Run what you brung. If it works for you, that's the right gear. I see guys running 53 x 16 around here, but I can't possiby imagine how. I guess some people don't believe in spinning! I do, so I run either a 69 or a 72 gear inch. Both work fine for most of my applications. So don't worry about what anyone else is doing; you'll know the right gear when you find it.


----------



## FTM (Feb 4, 2005)

MN Dan said:


> Man guys, I must be a wuss!


Only if you're not having fun. Ride what puts a smile on your face and doesn't kill your legs.


----------



## Chase15.5 (Feb 17, 2005)

I use a 44x16 for northern VA riding. I find for me it's the best compromise of climbing, decending, and flats. When I first started riding fixte, I rode a 44x18 around here to get my legs accustomed to the climbing. It was a pain on the downhills to, because, it would spin so quickly.


----------



## ari (Jan 25, 2005)

cmatcan said:


> you guys are weak, check this out, from pez:


I think I remember reading (somewhere) that this guy used that gearing to set a motorpacing speed record ... somewhere north of 100 mph, if I recall correctly.

Cheers,
Ari


----------



## ErNestO_from_Wisconsin (Feb 14, 2004)

*living...*

Very hilly living where I do. My commute to work is 17 hilly miles, and there's 2 hills thatreally put hair on my chest...but some times, my legs and hips would hurt. The shaman himself, Matt Chester recommended to go down a notch. I was running 46/16. Now I am running 44/16 and I am spinning more, and it just feels great. My fixie rocks!

Here's some pictures...


----------



## hrv (Dec 9, 2001)

You live in Portland, right? If you haven't already, I would suggest doing the Sunday River City Bicycles 9:30 fixed gear ride. I live in Hood River, and haven't done them , but know they usually run about 63". The guy who 'runs' the ride is David Auker and from what I understand he might know about fixed as anyone you'll ever meet. Plus, he usually wins the Mt. Tabor race, fixed cat., so dude probably knows best what works climbing.

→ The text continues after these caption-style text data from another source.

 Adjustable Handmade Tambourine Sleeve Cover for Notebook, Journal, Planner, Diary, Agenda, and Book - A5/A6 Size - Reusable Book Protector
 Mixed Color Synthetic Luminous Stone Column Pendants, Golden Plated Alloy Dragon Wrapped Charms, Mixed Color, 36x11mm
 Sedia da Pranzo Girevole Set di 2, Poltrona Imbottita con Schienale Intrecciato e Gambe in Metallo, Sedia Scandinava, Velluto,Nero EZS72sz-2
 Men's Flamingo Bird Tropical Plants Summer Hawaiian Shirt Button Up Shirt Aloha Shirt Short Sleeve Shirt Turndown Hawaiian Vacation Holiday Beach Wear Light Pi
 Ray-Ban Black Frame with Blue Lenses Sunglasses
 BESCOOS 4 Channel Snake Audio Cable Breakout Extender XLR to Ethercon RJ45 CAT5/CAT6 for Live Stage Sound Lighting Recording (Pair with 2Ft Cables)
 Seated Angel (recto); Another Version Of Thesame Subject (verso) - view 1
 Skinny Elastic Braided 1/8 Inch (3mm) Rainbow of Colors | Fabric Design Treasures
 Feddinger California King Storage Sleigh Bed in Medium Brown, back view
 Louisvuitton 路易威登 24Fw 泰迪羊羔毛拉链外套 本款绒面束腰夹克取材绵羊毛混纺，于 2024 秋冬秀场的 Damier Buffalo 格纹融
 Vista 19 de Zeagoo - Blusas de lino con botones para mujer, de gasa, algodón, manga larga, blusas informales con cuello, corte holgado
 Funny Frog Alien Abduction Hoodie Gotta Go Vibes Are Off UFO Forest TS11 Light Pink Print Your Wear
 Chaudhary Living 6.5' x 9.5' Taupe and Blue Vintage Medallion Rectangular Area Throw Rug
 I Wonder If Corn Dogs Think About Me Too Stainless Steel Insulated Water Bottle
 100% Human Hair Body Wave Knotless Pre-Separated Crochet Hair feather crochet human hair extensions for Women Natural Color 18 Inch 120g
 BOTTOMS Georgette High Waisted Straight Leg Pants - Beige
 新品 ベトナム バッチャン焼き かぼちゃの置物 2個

I have a Langster and actually run 2 cogs normally, 49 x 15,21. 21 for up, 15 for down. Since thw 49 x 15 is normally what I use at Alpenrose, it allows me to do downhill sprints and really get on top of the gear. Haven't wound it up to 200 rpm yet, but close!

Bottom line: No getting around having a 'quiver' of cogs. Eventually chainrings,too. If you're doing long rides with many hills I would try like a 20 cog, else maybe an 18.

Have fun!


----------



## Kram (Jan 28, 2004)

*42 X 17 here.*

Central PA rollers. Steep stuff but most climbs are no more than a mile. Gets me up most things (but gets REAL interesting going down......) 165 cranks on a 27 x 1 3/8.


----------